Let make sure the former agrees with what we did before. The baseline for indemnity is:
. margins, predict(outcome(1))
Predictive margins Number of obs = 615
Model VCE : OIM
Expression : Pr(insure==Indemnity), predict(outcome(1))
------------------------------------------------------------------------------
| Delta-method
| Margin Std. Err. z P>|z| [95% Conf. Interval]
-------------+----------------------------------------------------------------
_cons | .4764228 .0197054 24.18 0.000 .437801 .5150446
------------------------------------------------------------------------------
An 11.8 percentage point increase expressed as percentage change over the baseline is .118/.476=.24789916, which is pretty close to 0.25.
Best Answer
You might consider using a dominance analysis instead (see Luchman, 2014). This approach would decompose the McFadden's R2 and might, as a consequence, be easier to interpret than the utility-based approach discussed here.

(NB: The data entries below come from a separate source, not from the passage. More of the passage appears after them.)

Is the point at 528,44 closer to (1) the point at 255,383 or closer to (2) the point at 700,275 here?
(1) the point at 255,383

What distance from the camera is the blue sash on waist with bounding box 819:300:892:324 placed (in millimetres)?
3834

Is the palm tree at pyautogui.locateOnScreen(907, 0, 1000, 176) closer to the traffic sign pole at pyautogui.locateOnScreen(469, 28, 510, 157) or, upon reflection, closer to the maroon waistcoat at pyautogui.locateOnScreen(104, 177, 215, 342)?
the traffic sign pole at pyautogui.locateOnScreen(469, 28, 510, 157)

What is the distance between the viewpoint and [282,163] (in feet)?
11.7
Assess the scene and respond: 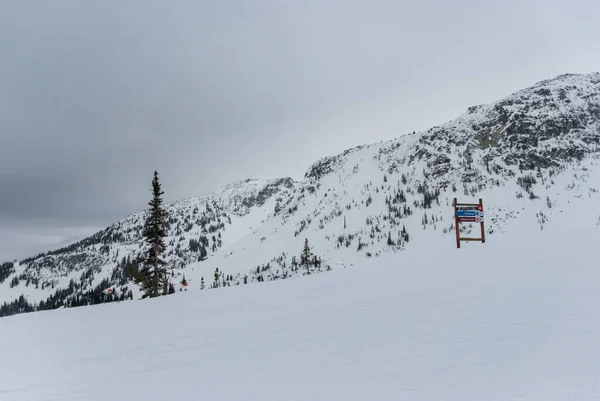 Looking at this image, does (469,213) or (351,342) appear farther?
(469,213)

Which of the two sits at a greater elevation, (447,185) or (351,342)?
(447,185)

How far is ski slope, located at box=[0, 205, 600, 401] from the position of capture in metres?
5.05

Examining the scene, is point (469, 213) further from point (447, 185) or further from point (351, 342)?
point (447, 185)

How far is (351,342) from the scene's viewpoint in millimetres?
7406

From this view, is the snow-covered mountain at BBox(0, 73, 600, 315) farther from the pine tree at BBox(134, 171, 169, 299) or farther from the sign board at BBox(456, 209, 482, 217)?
the pine tree at BBox(134, 171, 169, 299)

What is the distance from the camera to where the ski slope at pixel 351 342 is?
5.05 m

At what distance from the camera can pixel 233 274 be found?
422 feet

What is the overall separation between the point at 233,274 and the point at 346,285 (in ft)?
399

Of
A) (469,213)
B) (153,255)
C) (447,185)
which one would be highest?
(447,185)

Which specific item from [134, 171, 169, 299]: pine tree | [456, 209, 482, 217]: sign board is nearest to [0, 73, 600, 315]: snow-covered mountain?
[456, 209, 482, 217]: sign board

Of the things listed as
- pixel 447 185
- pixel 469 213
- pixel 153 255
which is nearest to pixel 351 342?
pixel 469 213

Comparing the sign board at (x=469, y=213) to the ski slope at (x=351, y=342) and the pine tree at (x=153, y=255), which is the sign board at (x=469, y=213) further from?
the pine tree at (x=153, y=255)

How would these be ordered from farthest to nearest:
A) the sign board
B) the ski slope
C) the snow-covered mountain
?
the snow-covered mountain < the sign board < the ski slope

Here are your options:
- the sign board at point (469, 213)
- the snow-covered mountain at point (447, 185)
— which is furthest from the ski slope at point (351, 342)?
the snow-covered mountain at point (447, 185) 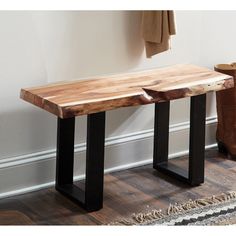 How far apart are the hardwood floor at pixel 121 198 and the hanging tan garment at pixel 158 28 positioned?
63 cm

That would avoid the 4th categorical value issue and would scale to 100 if standardized based on the McFadden R2.
The dominance method is implemented in the R package relaimpo, but has not been extended to accommodate mlogits. The only version I know of that does is in Stata. That said, dominance analysis is not a terribly difficult method to implement.
To do so, collect all McFadden's R2's according to each possible subset including or omitting each predictor (in your case 2^5 - 1 different models) and average them as in the linked article (note: the gives some examples along which to follow).